Clear the address bar in the folder, type cmd, and press Enter to open a black terminal window.

✅ Step 2: Obtain the Access Token for Downloading the "Speaker Recognition" Model (Skip if you don't need speaker diarization)
The speaker diarization model requires agreeing to their terms before download, so you need to first "sign the agreement" on the Hugging Face website and obtain an access token. This step requires a VPN, otherwise the website cannot be accessed.
① Register and Log in to Hugging Face
Visit: https://huggingface.co/ Create a free account and log in.
② Create an Access Token
Visit: https://huggingface.co/settings/tokens Click "New token" → Select read permission → Create and copy the token string starting with hf_.



③ Agree to the Model Usage Terms (Must check the box!)
Visit the following two model pages one by one and agree to the terms:
- https://huggingface.co/pyannote/speaker-diarization-3.1
- https://huggingface.co/pyannote/segmentation-3.0
On each page, fill in the two displayed text boxes, then click the submit button.

④ Save the Token
Return to your whisperx-api project folder. Create a new file named token.txt. Paste the copied hf_ token into it and save.

✅ Step 3: One-Click Launch!
Ensure your cmd terminal is still in the folder containing app.py, then execute:
Then execute the startup command; you'll only need to run this command in the future as well.
uv run app.pyThe first time you run it, it will take a while to install modules and dependencies. Please be patient.
When you see output similar to the image below, it means the launch was successful 👇 
Your browser will automatically open this address: http://127.0.0.1:9092. Enter this address into the pyVideoTrans -- Menu -- Speech Recognition Settings -- WhisperxAPI window's API Address text box.
You will also see a clean web interface in your browser 👇. If you don't need to use the browser interface, you can close this page. However, do not close the cmd terminal if you need to use the API. 
💡 Usage Guide
Now you can use it in two ways 👇
🌐 Method 1: Web Operation Interface
Upload File Click or drag an audio/video file into the dashed box.
Set Options
- Language: Select the corresponding language if known, otherwise choose "Auto Detect".
- Model: Larger models are more accurate but slower. Recommended:
large-v3-turbo. - Prompt: You can enter names, terms, etc., to improve recognition accuracy, e.g.,
OpenAI, WhisperX, PyTorch.
Start Transcription Click "Submit Transcription" and wait for processing to complete.
View and Download The results will be displayed below. You can edit them directly and then click "Download SRT File" to save.
⚙️ Method 2: API Call
Enter the address http://127.0.0.1:9092 into the pyVideoTrans -- Menu -- Speech Recognition Settings -- WhisperxAPI window's API Address text box.
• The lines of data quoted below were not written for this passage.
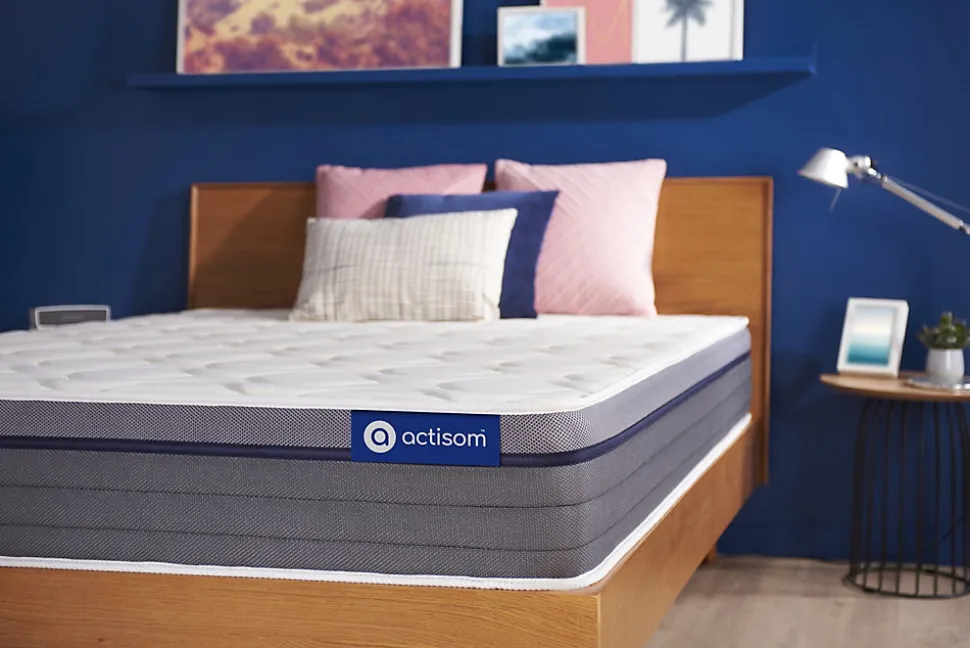 Matelas Ressorts ensachés et mémoire de forme - Confort : Equilibré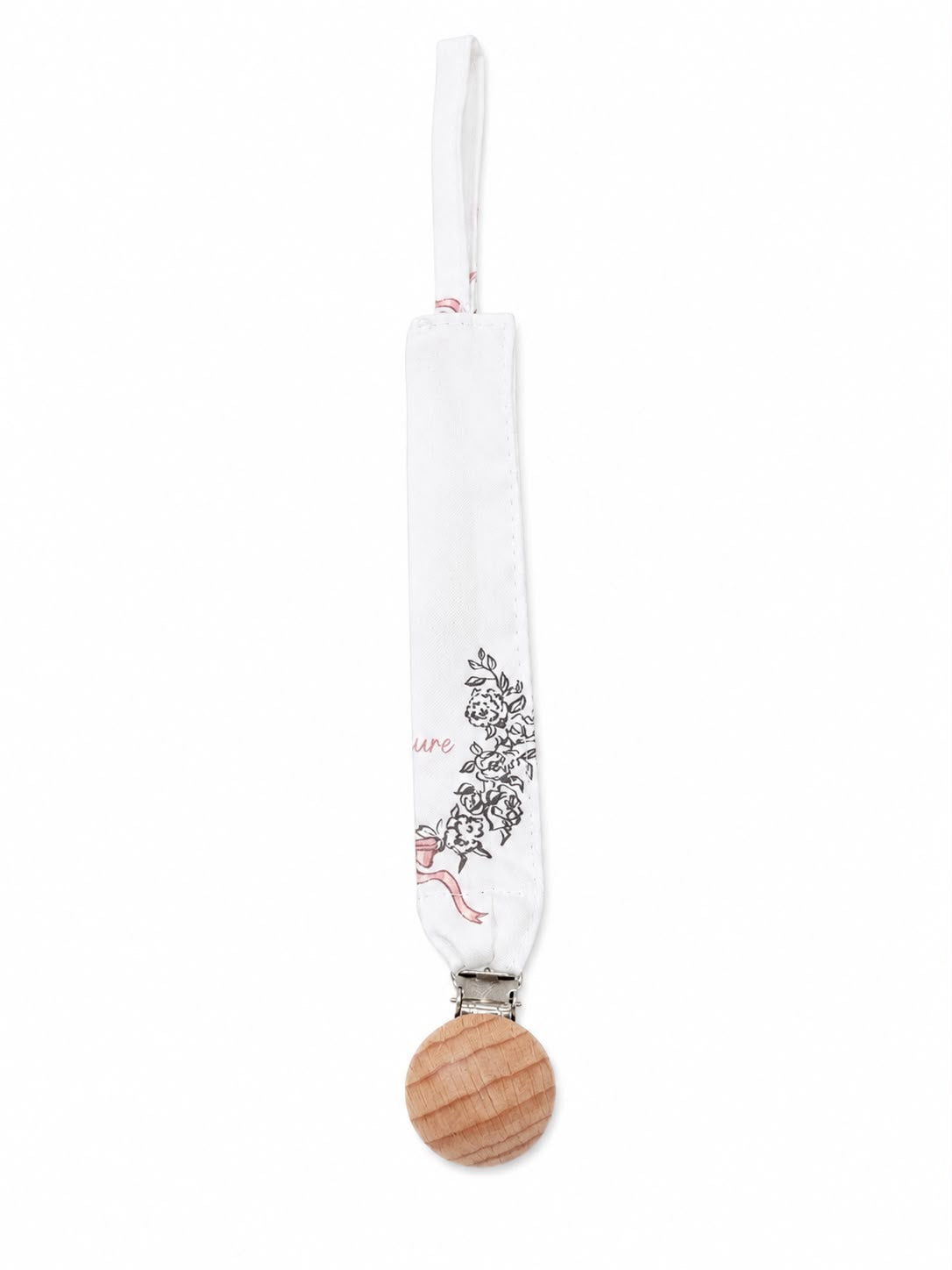 Petite Laure Butterfly Pacifier Clip - Pink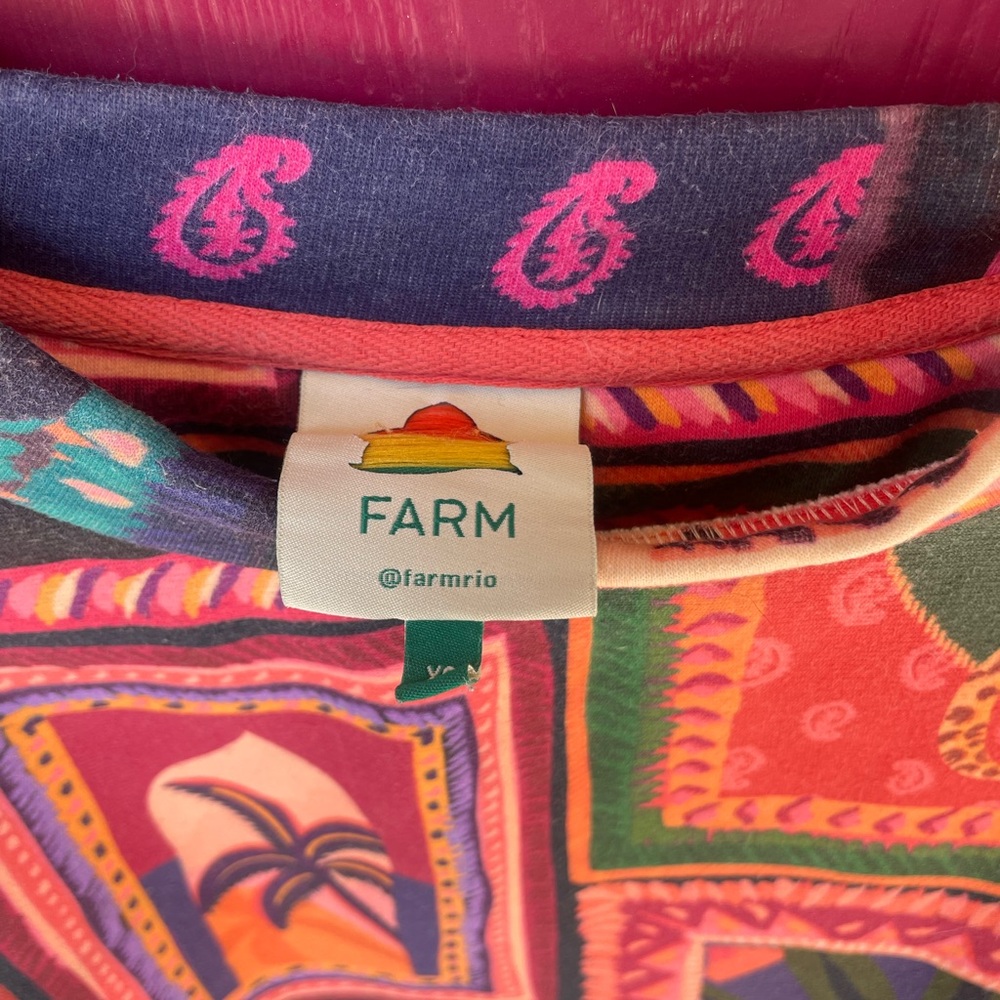 FARM @RIO Colorful Patterned Sweatshirt XS VIBRANT COLORS - Picture 6 of 9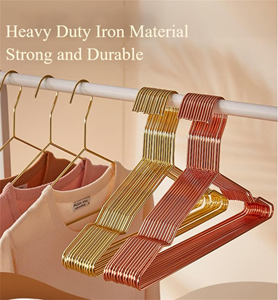 Custom Popular Metal Wire Rose Gold Clothes Hanger Stand for Clothes and Coat Hanger Hook Dry Cleaning - Product Image 6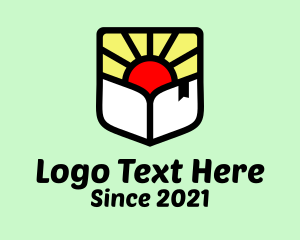 Studying - Sun Bookmark Publisher logo design
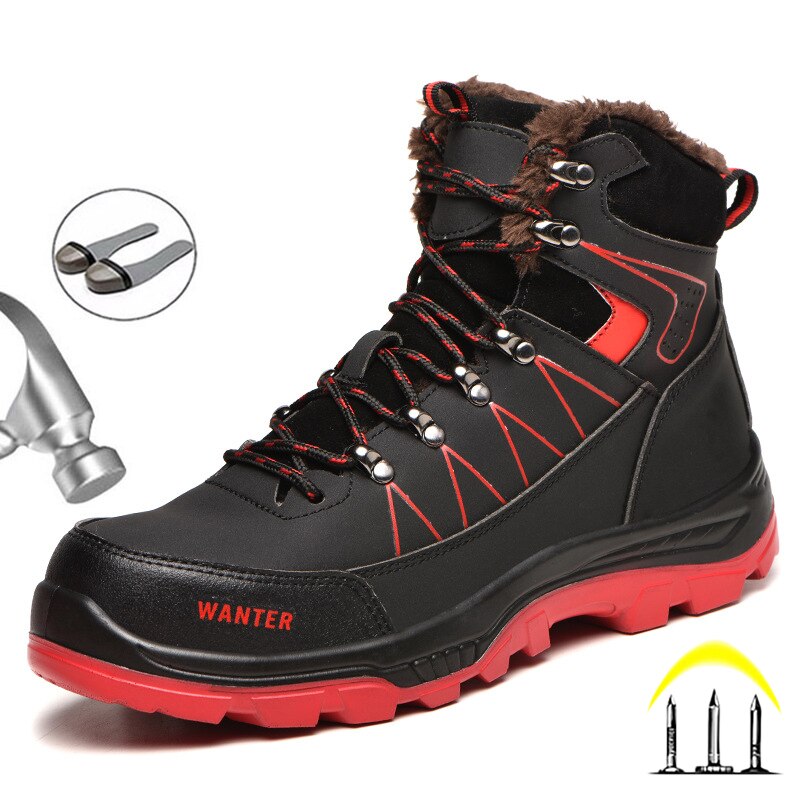 Men's Winter Steel Toe Safety Boots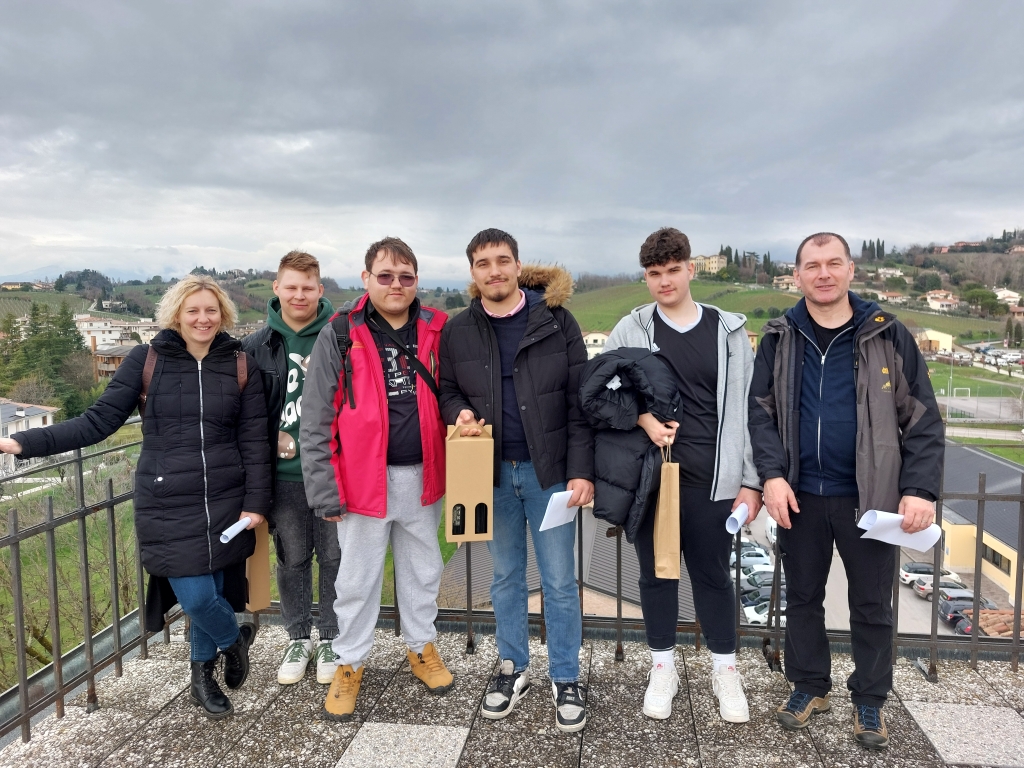 Erasmus+ projekt AgrosylviMob v Coneglianu (Italija)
❓ Frequently Asked Questions (FAQ)
Q: Getting "FFmpeg not found" error on startup? A: FFmpeg is either not installed or not added to the system environment variables. Please re-check the installation steps in the "Required Pre-installed Tools" section.
Q: Clicking the transcription button does nothing? A: The first run downloads models, please wait patiently. If there's an error, check the terminal logs. It's often due to the VPN not being enabled or being unstable.
Q: Why are there no [Speaker1], [Speaker2] labels? A:
- They won't appear if there's only one speaker in the audio.
- Or your Hugging Face Token is configured incorrectly, or you haven't agreed to the terms. Please re-check Step 2.
Q: Processing is too slow? A: It can be slow in CPU mode. Users with NVIDIA GPUs will experience speeds tens of times faster.